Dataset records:
· · · · · · ·
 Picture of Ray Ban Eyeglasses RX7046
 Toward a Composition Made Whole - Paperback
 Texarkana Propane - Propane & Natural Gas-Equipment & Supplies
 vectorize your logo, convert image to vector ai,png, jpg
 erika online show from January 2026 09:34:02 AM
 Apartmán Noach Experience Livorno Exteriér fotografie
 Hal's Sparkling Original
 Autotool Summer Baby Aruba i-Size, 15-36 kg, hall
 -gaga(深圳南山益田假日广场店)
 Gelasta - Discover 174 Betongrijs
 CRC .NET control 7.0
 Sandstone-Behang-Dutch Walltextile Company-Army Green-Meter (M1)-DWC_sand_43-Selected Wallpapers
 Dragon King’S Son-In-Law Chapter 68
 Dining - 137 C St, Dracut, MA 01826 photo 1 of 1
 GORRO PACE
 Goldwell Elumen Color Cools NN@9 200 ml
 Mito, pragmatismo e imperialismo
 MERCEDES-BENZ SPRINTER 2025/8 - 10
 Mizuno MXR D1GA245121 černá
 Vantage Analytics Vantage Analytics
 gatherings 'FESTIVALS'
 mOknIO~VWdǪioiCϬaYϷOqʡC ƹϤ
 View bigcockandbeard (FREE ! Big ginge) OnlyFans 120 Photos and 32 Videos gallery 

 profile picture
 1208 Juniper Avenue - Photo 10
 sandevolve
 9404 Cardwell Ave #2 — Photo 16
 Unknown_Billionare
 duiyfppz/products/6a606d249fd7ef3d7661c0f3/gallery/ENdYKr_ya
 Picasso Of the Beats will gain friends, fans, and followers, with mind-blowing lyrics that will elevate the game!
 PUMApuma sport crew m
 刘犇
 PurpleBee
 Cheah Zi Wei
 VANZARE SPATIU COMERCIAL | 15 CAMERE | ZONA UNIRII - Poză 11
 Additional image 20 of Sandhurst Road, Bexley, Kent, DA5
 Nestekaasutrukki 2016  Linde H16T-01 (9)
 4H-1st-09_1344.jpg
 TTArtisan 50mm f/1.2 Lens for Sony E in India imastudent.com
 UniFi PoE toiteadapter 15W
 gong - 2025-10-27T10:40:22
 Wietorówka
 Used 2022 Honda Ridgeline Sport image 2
· · · · · · ·
• _Exercise aim_
Count how many lines in the entries contain "gallery", then state that number alone.

• _Task answer_
2